§ **Task**:
In the records below, find the line that contains "1-835 Sturdies Bay" and the line that contains "3D Floral Wedding"; write out exactly those two lines and everything between them, without the pictures.

§ **Provided records**:
┌────────

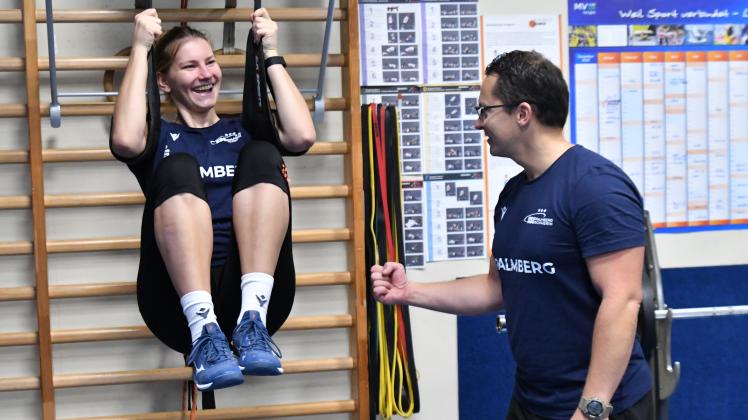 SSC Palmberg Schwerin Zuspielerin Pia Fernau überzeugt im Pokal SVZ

└────────
┌────────

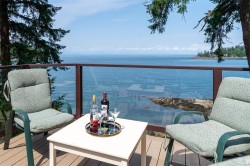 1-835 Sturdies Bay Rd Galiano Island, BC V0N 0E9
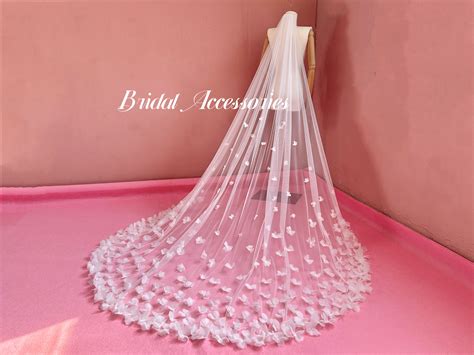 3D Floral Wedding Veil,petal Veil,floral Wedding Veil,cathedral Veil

└────────

§ **Reply**:
 1-835 Sturdies Bay Rd Galiano Island, BC V0N 0E9
 3D Floral Wedding Veil,petal Veil,floral Wedding Veil,cathedral Veil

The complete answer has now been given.